Zara answered immediately.
He said very little. He said that he had read her note three times and that he had then gone to the photograph of his mother on the wall and looked at it for a long time and that he had told her, quietly and out loud in the empty sitting room, that she had been right and that someone had finally said so formally and completely and in a way that would be on the record permanently.
He said that was enough.
She told him it was more than enough.
He thanked her and ended the call and she sat at her desk for a moment with the phone in her hand and felt the specific quality of work that had reached the people it was meant for.
Kofi appeared at her office door.
"My father wants to meet you," he said. "I told you he would ask. He has been asking since I told him about the notification."
"This week," she said. "Whenever works for him."
Kofi smiled. The full smile that changed his face completely.

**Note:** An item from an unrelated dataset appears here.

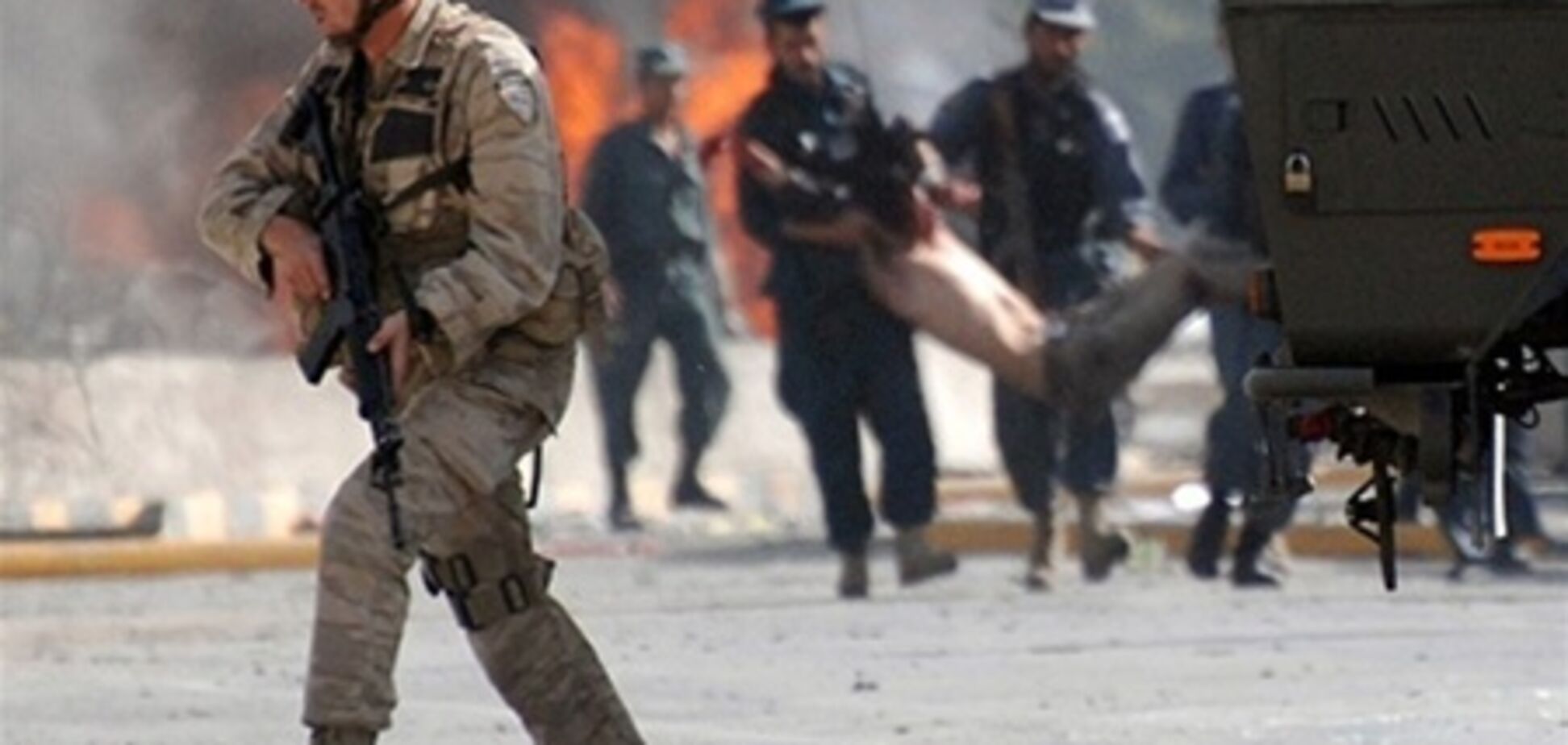 Таліби підірвали в Афганістані авто поліції: вісім жертв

"Thursday," he said. "He asked specifically if he could bring you both lunch. He said you have been feeding yourselves on work and coffee and that is not enough for the kind of work you have been doing."
She looked at him.
"Tell him Thursday," she said. "And tell him we accept the lunch."
He went back to his desk.
Clara was deep in the asset recovery documentation for three of the original families, building the financial case that would support the civil proceedings with the same rigour she brought to everything. The work of restoration was longer and more complex than the work of exposure and Clara had settled into it with the specific satisfaction of someone who understood that the complicated sustained work was where the real difference was made.
Adaeze looked up from her screen at noon.
"Emeka Okonkwo called," she said. "He wanted to pass a message to Zara directly."
Zara looked at her.
"He said to tell you that his father Emmanuel read the notification this morning," Adaeze said. "He read it twice. Then he said my name has been in a room where the truth was told. He said he had been waiting to be able to say that for sixteen years."
The floor was very quiet for a moment.
Then Kofi went back to his notes. Clara went back to her screen. Adaeze went back to her communications.
And Zara picked up her pen and went back to work.